Peter Sedgwick

The Polish Spring

(February/March 1970)


Peter Sedgwick, The Polish Spring, International Socialism (1st series), 42 February-March 1970, p.35. (review)
Transcribed by Ted Crawford.
Marked up by Einde O’Callaghan for the Marxists’ Internet Archive.


Marxism and Beyond, Lesek Kolakowski, Pall Mall, 40s

Written over the last 10 or 12 years, between the ‘Polish spring’ that brought Gomulka to power and the present icy season that has jailed Kuron and Modzelewski and forced Kolakowski himself into exile, these essays in mordant Socialist rationalism bear reading and re-reading. They present something of the role of the isolated intellectual rallying and reflecting current of opinion, rather than that of the revolutionary engineering the formation of organisations around a programme. But they are grounded in prodigious political experience, allied with a wry wit and relentless intelligence. Here is an extract:

‘Unflagging vigilance over its own meticulous boundary lines is an essential characteristic of every social group that can be called a “sect” – constant control to assure precise and unambiguous criteria differentiating itself from the outside world. There criteria are of various sorts: ideological, organisational, traditional, ritualistic: and the greater their number, pettiness and variety, the more advanced the ossification of the sect. When this condition prevails, it becomes apparent that the social organism, to an ever-increasing extent, no longer sustains itself by natural assimilation and communication with its environment, but somehow, miraculously, through an unnatural process of reproduction, feeds on its own substance ... While it can increase its weight, it can neither develop nor conceive ... Regardless of its dimensions, Stalinism is a sect.’

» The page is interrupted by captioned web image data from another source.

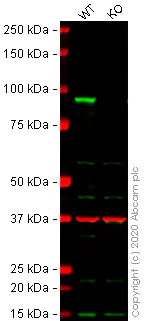 Western blot - Anti-beta Catenin antibody [IGX4794R-3] - BSA and Azide free (AB325977)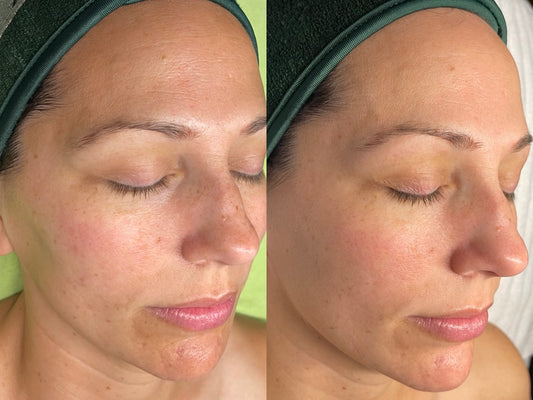 ProCell Micro Channeling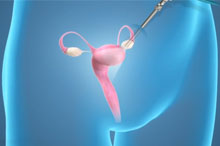 Laparoscopy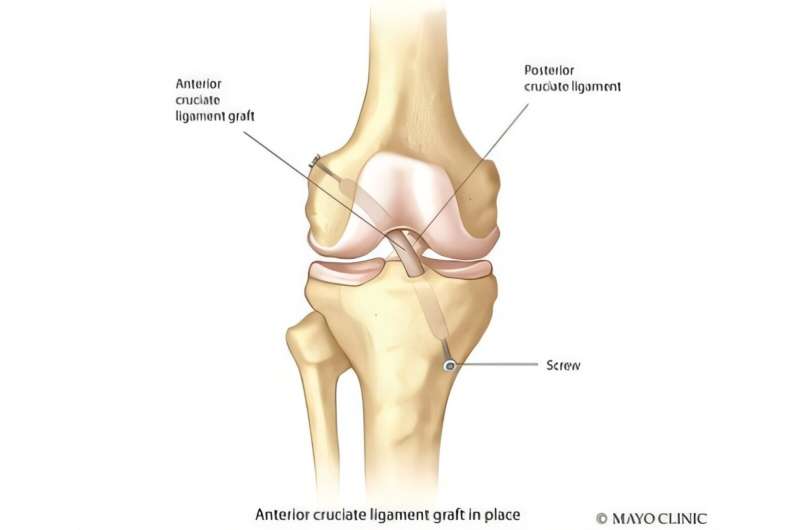 Feel a pop, then pain in your knee? It could be an ACL tear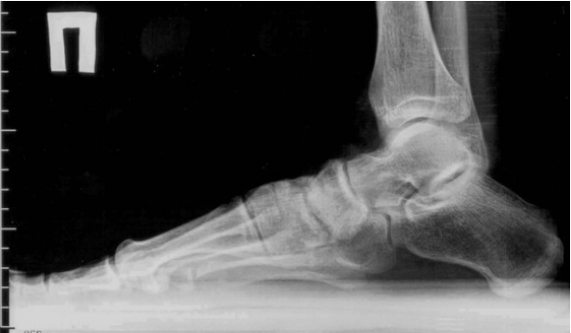 Arthrose der Zehen und Füße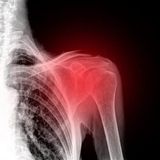 Terapia dell'artrite alla spalla con la tecnologia CEMP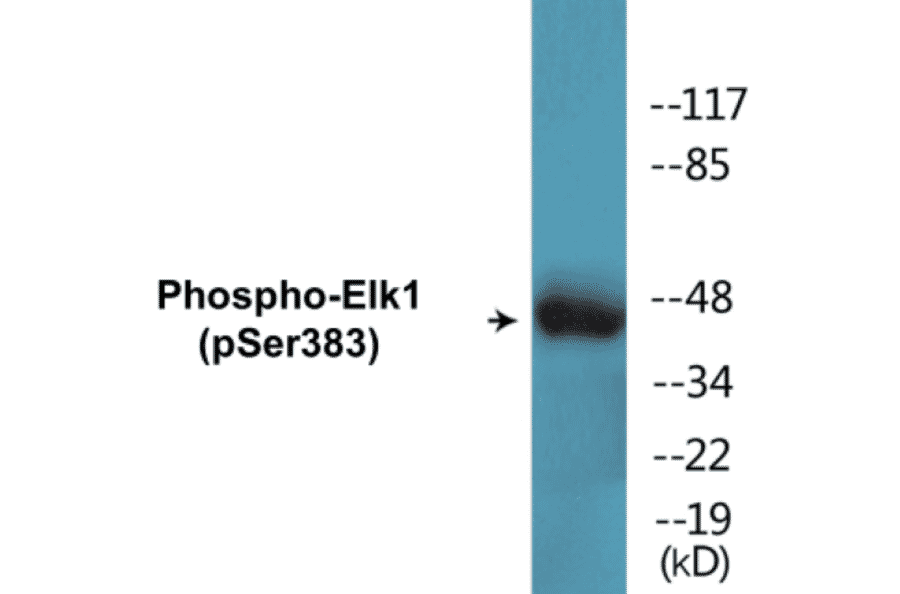 Western Blot - Elk1 (phospho Ser383) Cell Based ELISA Kit (CBP1540) - Antibodies.com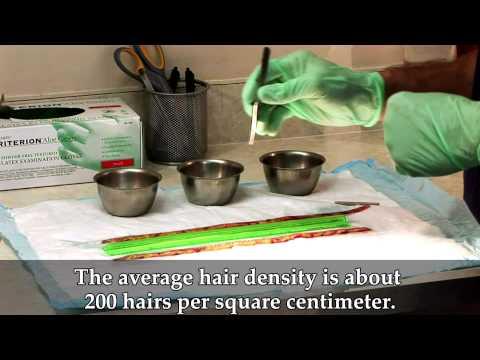 Hair Transplant Video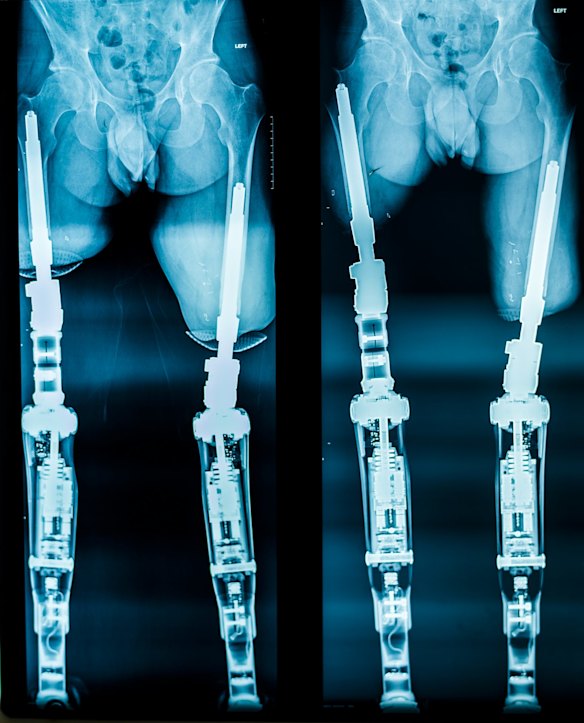 Behind the scenes: X-rays demonstrating osseointegration.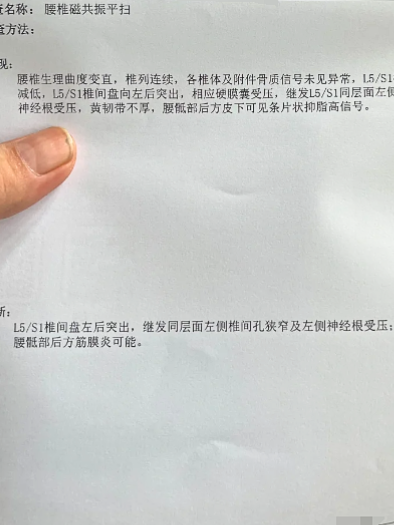 腰椎间盘突出微创风险
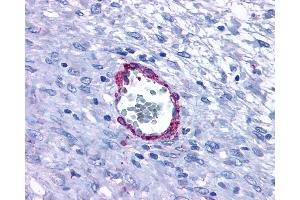 Anti-HRH1 / Histamine H1 Receptor antibody IHC of human Vessel.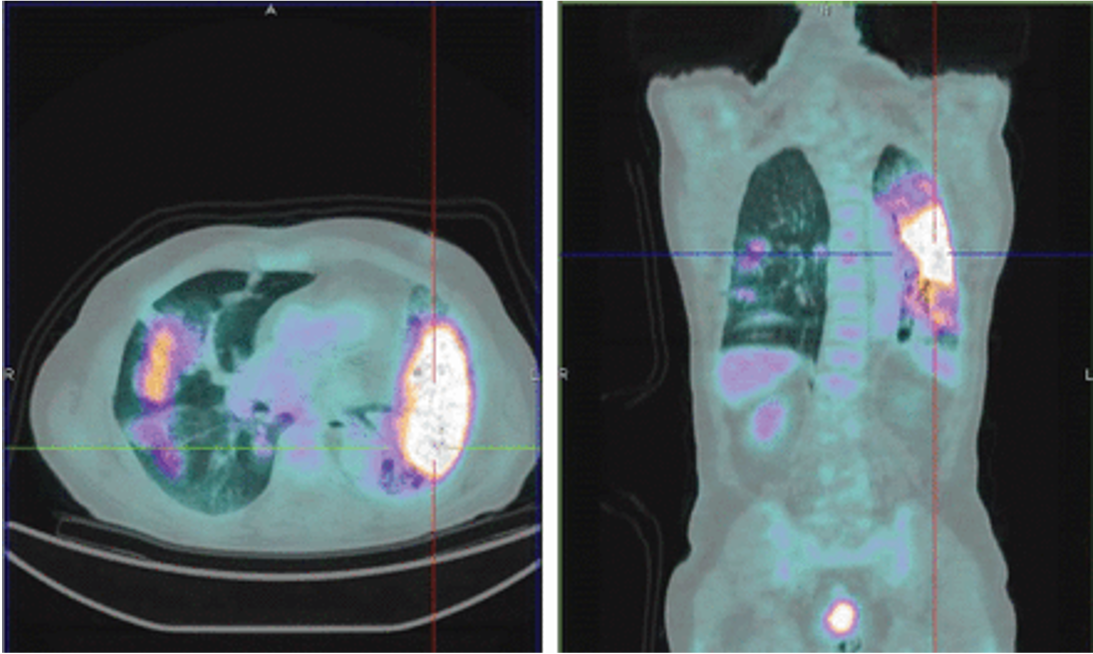 <p><span>The following PET image is indicative of:</span></p>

Kolakowski’s essay, The Concept of the Left, is one of the few pieces of writing that makes sense of a usually incoherent and emotional concept. At first I was startled by his statement that ‘the left, as such and as a whole, cannot be an organised political movement’. However, on closer reflection, this position does not deny the necessity for an organised political movement: it only states that any such movement, however militantly defined, must have its own left.